The shipping and ports company posted a net profit of $114 million for the six months ended December, based on Reuters calculations, beating an average forecast of $110 million from 2 analysts polled by Reuters Estimates.
But the stock fell 4.4 percent to HK$17.38 after the company said it faced a challenging environment with increasing costs and weakening demand as global economic conditions deteriorated.
"We have now entered what I expect will be a protracted downturn for the container shipping industry," Chairman Tung Chee Chen said in a statement.
For the full year, OOIL earned $272.3 million, down 89 percent from $2.55 billion the previous year, which included a one-time profit of $1.99 billion from the sale of the terminal division.
Profit from continuing operations fell by more than half to $275.5 million in 2008. Its margin was hurt as operating costs inflated by 22 percent while revenue was up 16 percent.

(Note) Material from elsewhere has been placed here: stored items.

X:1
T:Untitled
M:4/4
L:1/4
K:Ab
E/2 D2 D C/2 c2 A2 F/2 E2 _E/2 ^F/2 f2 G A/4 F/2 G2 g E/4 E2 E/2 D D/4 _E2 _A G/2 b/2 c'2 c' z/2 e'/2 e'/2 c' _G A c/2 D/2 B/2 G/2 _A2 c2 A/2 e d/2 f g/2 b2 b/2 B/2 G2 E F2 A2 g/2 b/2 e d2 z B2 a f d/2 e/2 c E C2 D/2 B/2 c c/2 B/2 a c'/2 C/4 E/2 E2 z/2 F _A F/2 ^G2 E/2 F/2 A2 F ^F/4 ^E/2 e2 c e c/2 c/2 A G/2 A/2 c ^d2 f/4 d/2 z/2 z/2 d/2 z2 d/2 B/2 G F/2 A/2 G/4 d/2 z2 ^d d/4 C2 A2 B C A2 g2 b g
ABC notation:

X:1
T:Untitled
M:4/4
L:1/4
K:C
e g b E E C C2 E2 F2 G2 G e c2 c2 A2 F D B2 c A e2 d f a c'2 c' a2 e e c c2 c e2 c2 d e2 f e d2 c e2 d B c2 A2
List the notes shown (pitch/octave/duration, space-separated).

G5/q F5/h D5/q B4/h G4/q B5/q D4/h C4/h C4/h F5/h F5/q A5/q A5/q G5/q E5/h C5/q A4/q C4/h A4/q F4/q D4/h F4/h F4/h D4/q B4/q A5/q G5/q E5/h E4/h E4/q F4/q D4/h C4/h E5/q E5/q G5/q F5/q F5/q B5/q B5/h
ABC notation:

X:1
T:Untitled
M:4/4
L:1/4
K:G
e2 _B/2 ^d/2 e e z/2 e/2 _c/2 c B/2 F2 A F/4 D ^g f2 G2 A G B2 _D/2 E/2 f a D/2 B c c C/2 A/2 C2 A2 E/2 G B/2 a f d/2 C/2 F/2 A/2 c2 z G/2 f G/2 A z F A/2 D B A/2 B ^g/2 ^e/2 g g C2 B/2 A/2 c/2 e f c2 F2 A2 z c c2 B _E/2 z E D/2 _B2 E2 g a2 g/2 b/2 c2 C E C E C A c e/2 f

Container transport and logistics accounted for 99 percent of the company's revenue and the rest was from property.
The company cut final dividend to 4.5 U.S. cents from 13.5 U.S. cents a year ago. It did not place any new orders for new buildings in 2008 and outstanding committed orders at the end of 2008 were for 10 P-class vessels and 10 SX-class vessels (8,000 TEU), which will be delivered over the next three years.
Tung told Reuters last month that OOIL would reduce its shipping capacity by up to a quarter in the first three months, to help sooth overcapacity amid weak demand.